Heaney, Pujols, Upton eek enough baseball goodness to get the victory.

MLB: Toronto Blue Jays at Detroit Tigers
A man on a ruin Trout.
Raj Mehta-USA TODAY Sports

Angels 2, Blue Jays 1

It wasn’t just a game tonight.

The Angels chose to stage their annual Christmas in June celebration during this game at Angel Stadium, and it was clear who the Grinch was.

In the first inning, still pure and innocent, Mike Trout stepped up to the plate, took six pitches, four of which were outside the zone, and Manny Gonzalez, the home plate umpire, sent him packing back to the dugout.

It was fine. It was a bad call. Trout could have salvaged the AB by swinging at Pitch 6. It, in fact, demonstrates the normal day-to-day business of Major League Baseball.

Trout, only a tiny bit scarred and still mostly pure and innocent, stepped back up to the plate in the 3rd, where Manny Gonzalez stripped all that away.

With the count 2-1, Trout took Ball 3.

With the count 3-2, Trout took Ball 4.

Coupled with Laz Diaz wanting to go home late Thursday night, Trout had now struck out three straight times solely because of umpires. Take this gem from Victor Rojas, our amazing TV play-by-play man:

“So the only two guys that can get Trout out, apparently...Laz Diaz last night and Manny Gonzalez tonight.”
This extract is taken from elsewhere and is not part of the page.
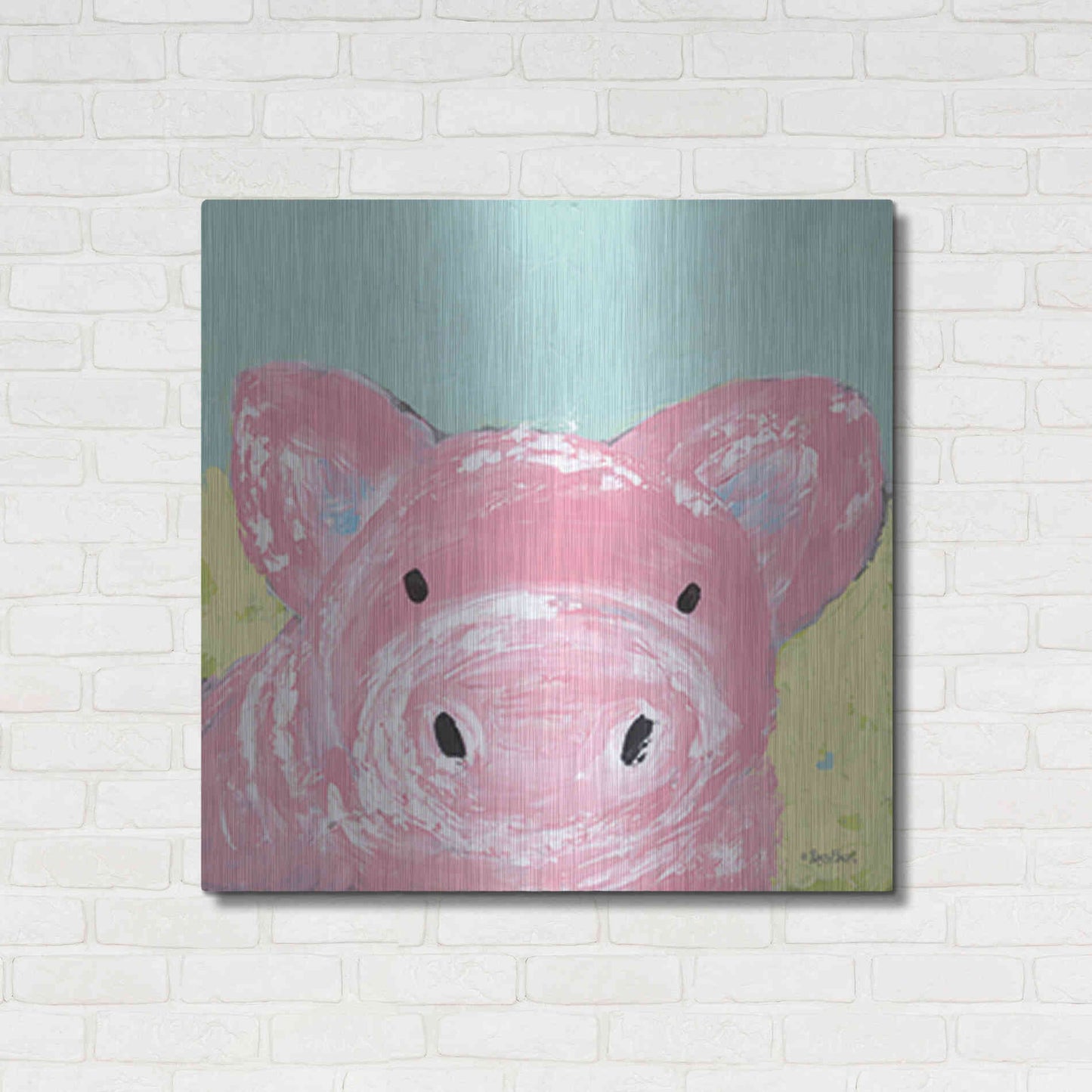 Luxe Metal Art 'Oink' by Roey Ebert, Metal Wall Art,36x36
It’s entirely possible, of course, that the whole scheme isn’t the fault of Gonzalez, or Diaz, and to a greater extent, it isn’t. Maybe they’re trying their best to call a good game, and they’ve blundered so many times in their careers that they aren’t sure what’s right and what’s wrong.

It wasn’t just a game tonight. Because it was a microcosm.

Of Major League Baseball being the Grinch. Of hating fun. They took the greatest player in baseball, who doesn’t even get 15% of his team’s ABs, and forcibly threw him off the field.

People ask how to market Trout. MLB does too, but they do it jokingly. They’re not serious. They think the whole thing is a joke.

In the NBA, Lebron James can control 50% of his team’s possessions in a game. In the NFL, Tom Brady has the ball 50% of the game. In the NHL, Alex Ovechkin can line up on the wing 33% of the time. Trout gets 15%, and they take that away from him.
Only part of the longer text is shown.